3. Results and Discussion

3.1. Crystallization of KCl in Aqueous Solution of ODA-H

3.1.1. The Effect of ODA-H Concentration on the Solubility of KCl

In this study, we chose relatively low concentrations of ODA-H as experimental variables, primarily because the critical micelle concentration (CMC) of ODA-H is only approximately 4 × 10⁻⁵ mol/L under high ionic strength. The primary purpose of this experiment is to obtain basic quantitative data on crystallization, ensuring precise control over the critical conditions for solid precipitation from the solution and avoiding arbitrariness in the experiment.

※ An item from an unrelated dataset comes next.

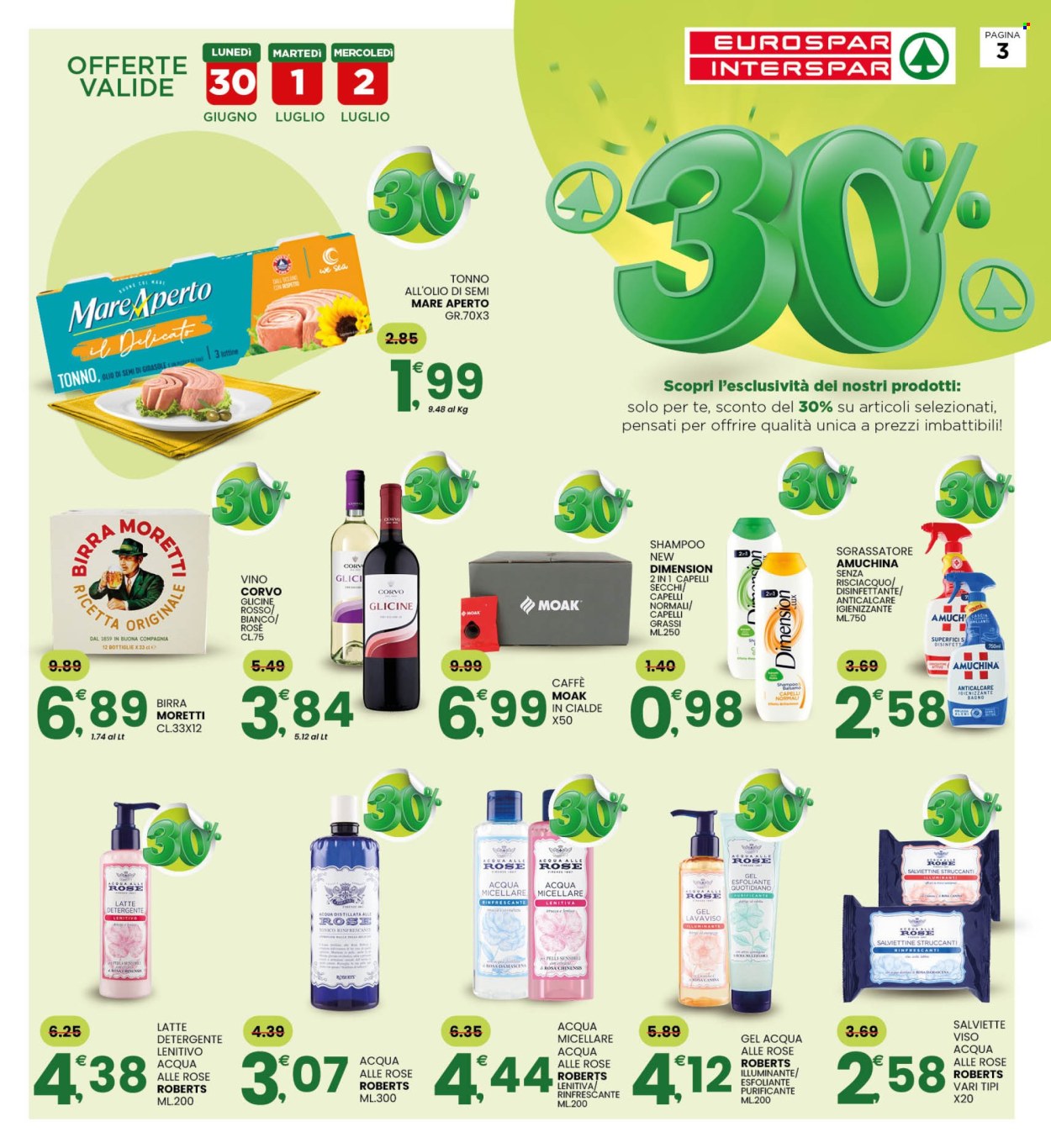 Volantino Eurospar - 26/6/2025 - 6/7/2025. Pagina 3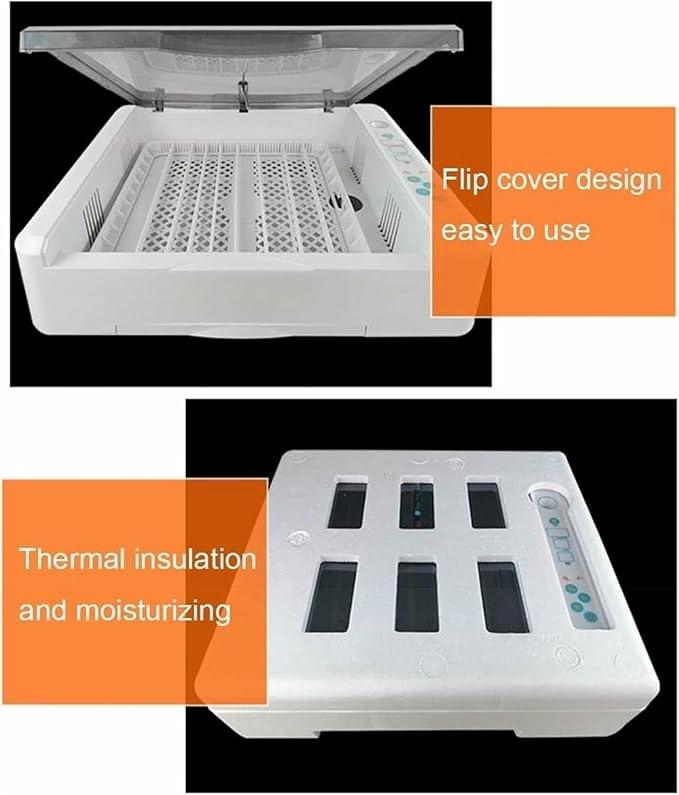Egg Incubator, 36 Eggs Incubator Automatic Hatching for Chickens Duck Goose Bird Quail Poultry Hatcher Intelligent Control Pull-Out Water Tray - Image 6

Experiments were conducted to determine the solubility of KCl in systems with different ODA-H concentrations at a constant temperature of 70 °C, and the results are presented in Figure 1. The experimental data indicate that with increasing ODA-H concentration, the solubility of KCl in the system exhibits a gradual decreasing trend. To ensure that KCl could be completely dissolved and ODA-H would not precipitate at 70 °C within the ODA-H concentration range selected in this study, an initial KCl feeding ratio of 41.25 g KCl per 100 g H₂O was finally determined.

Existing studies have explored the spherical crystallization process for KCl and established the corresponding process parameters: 500 rpm stirring speed and 15 min/°C cooling rate [17]. Therefore, in this experiment, crystallization experiments were conducted at varying concentrations of ODA-H (i.e., 0 mol/L, 4 × 10⁻⁵ mol/L, 1 × 10⁻⁴ mol/L). The experimentally measured data of the first nucleation temperature and nucleation induction period of KCl crystals under different concentrations of ODA-H are as follows: when the concentration is 0 mol/L, the first nucleation temperature is 48.14 °C and the nucleation induction period is 327.90 min; when the concentration is 4 × 10⁻⁵ mol/L, the first nucleation temperature rises to 48.32 °C and the nucleation induction period shortens to 325.20 min; when the concentration increases to 1 × 10⁻⁴ mol/L, the first nucleation temperature further rises to 49.03 °C and the nucleation induction period significantly shortens to 314.55 min. Based on this, it can be preliminarily inferred that the addition of ODA-H can promote the nucleation of KCl crystals, and the higher its concentration, the easier the nucleation of KCl crystals (manifested by an increase in nucleation temperature and a shortening of the induction period). Previous studies have clearly shown that ODA-H has an inhibitory effect on the solubility of KCl, so it was initially speculated that its mechanism of promoting nucleation might be related to solubility inhibition. However, a contradictory phenomenon was observed in the experiment: as the concentration of ODA-H increased, its inhibitory effect on the solubility of KCl showed a decreasing trend, which did not match the result that the nucleation induction period was significantly shortened at high concentrations. Further analysis found that when the concentration of ODA-H was 1 × 10⁻⁴ mol/L, during the cooling process, when the temperature dropped to around 50 °C, the solution would exhibit an obvious liquid–liquid phase separation (LLPS) phenomenon. Based on this, it can be inferred that the acceleration of KCl nucleation under high concentrations of ODA-H does not only depend on solubility inhibition, but is more closely related to the multi-path nucleation effect caused by the LLPS process [23].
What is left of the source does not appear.